* _TASK BRIEF_
Go through the listing below and output exactly the line with "All 18 magazines", the line with "Ein Mann und", and each line between; omit the rest.

* _INFORMATION SHOWN_
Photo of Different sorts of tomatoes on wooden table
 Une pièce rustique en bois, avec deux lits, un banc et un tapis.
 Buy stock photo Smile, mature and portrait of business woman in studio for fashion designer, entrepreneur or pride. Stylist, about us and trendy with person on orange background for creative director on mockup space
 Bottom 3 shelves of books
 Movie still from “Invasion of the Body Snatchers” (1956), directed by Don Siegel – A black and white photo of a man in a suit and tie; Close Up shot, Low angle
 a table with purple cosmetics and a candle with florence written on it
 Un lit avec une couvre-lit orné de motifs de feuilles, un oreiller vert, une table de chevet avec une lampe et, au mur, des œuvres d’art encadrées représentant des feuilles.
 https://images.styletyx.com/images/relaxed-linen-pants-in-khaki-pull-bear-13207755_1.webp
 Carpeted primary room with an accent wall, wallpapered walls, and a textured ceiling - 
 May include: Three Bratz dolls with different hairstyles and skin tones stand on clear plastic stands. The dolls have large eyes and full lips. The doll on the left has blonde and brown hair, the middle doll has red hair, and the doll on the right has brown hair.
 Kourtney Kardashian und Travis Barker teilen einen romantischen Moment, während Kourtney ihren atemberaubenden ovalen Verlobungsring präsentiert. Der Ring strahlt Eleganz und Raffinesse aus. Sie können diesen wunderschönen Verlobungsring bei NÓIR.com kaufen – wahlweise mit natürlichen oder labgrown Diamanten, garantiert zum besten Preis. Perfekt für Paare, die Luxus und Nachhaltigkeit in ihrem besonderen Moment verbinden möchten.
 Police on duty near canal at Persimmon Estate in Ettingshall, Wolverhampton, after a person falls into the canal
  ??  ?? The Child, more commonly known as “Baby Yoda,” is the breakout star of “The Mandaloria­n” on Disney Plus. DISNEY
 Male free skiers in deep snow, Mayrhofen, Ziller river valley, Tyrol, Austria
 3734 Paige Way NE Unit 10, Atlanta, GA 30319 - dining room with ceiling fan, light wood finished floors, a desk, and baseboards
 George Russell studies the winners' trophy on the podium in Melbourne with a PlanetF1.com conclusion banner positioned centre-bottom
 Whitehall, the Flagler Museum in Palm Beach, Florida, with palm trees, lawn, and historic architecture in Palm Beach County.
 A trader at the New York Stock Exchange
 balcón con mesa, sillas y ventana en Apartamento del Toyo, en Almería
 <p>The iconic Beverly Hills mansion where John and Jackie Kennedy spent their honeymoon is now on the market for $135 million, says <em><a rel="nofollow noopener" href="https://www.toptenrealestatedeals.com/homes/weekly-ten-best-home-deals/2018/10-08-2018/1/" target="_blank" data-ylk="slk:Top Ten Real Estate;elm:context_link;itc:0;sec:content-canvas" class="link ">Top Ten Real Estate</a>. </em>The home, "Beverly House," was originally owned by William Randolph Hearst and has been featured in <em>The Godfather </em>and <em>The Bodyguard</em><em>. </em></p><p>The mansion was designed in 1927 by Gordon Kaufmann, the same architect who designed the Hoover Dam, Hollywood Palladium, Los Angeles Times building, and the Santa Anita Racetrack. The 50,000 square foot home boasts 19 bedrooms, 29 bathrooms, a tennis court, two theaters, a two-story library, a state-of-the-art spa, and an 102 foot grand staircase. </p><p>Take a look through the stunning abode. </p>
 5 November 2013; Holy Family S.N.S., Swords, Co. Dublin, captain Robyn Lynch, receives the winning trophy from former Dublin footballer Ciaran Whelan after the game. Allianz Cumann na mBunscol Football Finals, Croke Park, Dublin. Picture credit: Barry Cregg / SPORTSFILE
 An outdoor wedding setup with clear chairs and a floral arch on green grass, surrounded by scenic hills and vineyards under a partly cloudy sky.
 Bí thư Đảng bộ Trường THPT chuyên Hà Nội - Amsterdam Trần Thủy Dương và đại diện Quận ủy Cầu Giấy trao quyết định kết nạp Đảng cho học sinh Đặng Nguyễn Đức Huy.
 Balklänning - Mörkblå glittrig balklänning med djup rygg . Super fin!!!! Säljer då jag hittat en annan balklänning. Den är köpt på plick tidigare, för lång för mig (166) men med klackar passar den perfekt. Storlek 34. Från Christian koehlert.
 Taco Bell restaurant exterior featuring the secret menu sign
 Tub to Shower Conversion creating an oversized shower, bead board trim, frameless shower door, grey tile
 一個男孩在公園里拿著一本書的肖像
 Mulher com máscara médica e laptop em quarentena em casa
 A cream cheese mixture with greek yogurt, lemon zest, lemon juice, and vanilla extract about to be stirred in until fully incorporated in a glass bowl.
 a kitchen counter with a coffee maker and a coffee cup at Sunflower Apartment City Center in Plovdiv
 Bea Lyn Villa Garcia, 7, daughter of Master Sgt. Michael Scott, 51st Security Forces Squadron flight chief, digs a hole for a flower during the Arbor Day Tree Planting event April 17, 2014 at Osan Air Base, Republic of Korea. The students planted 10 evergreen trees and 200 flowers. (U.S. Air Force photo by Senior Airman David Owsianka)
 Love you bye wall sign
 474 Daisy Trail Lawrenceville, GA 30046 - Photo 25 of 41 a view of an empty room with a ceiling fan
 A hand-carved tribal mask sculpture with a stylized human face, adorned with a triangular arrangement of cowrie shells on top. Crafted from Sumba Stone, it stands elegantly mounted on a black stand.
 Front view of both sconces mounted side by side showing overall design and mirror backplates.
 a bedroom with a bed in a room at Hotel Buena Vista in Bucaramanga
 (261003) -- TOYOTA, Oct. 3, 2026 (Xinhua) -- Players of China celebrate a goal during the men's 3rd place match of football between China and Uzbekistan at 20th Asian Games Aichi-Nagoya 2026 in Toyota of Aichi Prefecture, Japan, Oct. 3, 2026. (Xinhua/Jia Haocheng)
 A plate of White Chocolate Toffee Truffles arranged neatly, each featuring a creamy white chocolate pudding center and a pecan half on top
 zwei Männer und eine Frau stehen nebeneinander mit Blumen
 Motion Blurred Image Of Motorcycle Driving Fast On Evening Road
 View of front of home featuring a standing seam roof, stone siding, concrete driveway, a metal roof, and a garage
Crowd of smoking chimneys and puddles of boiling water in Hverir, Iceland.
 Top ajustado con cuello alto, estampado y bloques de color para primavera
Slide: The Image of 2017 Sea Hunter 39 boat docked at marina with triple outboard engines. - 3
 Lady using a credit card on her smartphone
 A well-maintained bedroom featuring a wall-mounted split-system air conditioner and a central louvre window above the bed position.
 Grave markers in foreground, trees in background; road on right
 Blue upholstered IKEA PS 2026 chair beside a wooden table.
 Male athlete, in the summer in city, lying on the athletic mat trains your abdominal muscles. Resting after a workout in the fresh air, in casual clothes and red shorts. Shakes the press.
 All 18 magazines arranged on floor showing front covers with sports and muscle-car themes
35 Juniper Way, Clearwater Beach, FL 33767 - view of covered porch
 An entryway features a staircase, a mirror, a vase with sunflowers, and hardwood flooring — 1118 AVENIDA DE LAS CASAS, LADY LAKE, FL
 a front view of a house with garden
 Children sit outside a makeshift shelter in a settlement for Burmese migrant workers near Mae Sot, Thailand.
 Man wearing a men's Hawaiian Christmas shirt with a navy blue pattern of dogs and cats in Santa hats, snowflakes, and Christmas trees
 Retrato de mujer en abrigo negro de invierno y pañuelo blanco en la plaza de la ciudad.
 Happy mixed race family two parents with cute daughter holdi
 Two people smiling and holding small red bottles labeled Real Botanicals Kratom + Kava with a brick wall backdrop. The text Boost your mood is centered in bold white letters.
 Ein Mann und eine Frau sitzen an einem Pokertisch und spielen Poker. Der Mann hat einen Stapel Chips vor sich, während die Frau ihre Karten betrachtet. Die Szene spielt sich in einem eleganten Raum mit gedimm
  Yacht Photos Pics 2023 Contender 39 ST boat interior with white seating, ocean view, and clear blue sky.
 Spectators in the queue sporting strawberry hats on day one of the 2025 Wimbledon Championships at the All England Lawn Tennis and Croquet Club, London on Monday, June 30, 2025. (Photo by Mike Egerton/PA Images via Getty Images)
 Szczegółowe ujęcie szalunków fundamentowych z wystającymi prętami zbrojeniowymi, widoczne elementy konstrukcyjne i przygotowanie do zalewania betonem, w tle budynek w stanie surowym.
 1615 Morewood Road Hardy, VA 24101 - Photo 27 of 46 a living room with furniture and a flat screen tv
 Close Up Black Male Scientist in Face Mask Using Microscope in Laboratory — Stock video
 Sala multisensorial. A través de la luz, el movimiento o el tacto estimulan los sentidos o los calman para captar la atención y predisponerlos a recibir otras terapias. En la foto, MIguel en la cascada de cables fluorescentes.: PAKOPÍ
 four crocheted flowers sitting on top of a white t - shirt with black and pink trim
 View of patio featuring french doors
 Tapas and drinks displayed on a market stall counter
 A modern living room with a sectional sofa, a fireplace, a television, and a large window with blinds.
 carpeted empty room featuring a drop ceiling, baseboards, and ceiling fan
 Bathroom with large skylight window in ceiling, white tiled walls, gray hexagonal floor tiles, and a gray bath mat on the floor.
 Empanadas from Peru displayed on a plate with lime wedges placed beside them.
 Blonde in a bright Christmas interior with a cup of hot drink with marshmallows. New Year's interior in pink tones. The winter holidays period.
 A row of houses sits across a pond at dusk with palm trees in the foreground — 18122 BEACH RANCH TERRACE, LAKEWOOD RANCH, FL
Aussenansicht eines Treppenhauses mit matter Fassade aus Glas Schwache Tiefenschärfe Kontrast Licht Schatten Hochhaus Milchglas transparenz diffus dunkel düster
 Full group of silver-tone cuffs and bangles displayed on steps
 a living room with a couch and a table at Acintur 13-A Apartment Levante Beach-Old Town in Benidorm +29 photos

* _EXERCISE SOLUTION_
 All 18 magazines arranged on floor showing front covers with sports and muscle-car themes
35 Juniper Way, Clearwater Beach, FL 33767 - view of covered porch
 An entryway features a staircase, a mirror, a vase with sunflowers, and hardwood flooring — 1118 AVENIDA DE LAS CASAS, LADY LAKE, FL
 a front view of a house with garden
 Children sit outside a makeshift shelter in a settlement for Burmese migrant workers near Mae Sot, Thailand.
 Man wearing a men's Hawaiian Christmas shirt with a navy blue pattern of dogs and cats in Santa hats, snowflakes, and Christmas trees
 Retrato de mujer en abrigo negro de invierno y pañuelo blanco en la plaza de la ciudad.
 Happy mixed race family two parents with cute daughter holdi
 Two people smiling and holding small red bottles labeled Real Botanicals Kratom + Kava with a brick wall backdrop. The text Boost your mood is centered in bold white letters.
 Ein Mann und eine Frau sitzen an einem Pokertisch und spielen Poker. Der Mann hat einen Stapel Chips vor sich, während die Frau ihre Karten betrachtet. Die Szene spielt sich in einem eleganten Raum mit gedimm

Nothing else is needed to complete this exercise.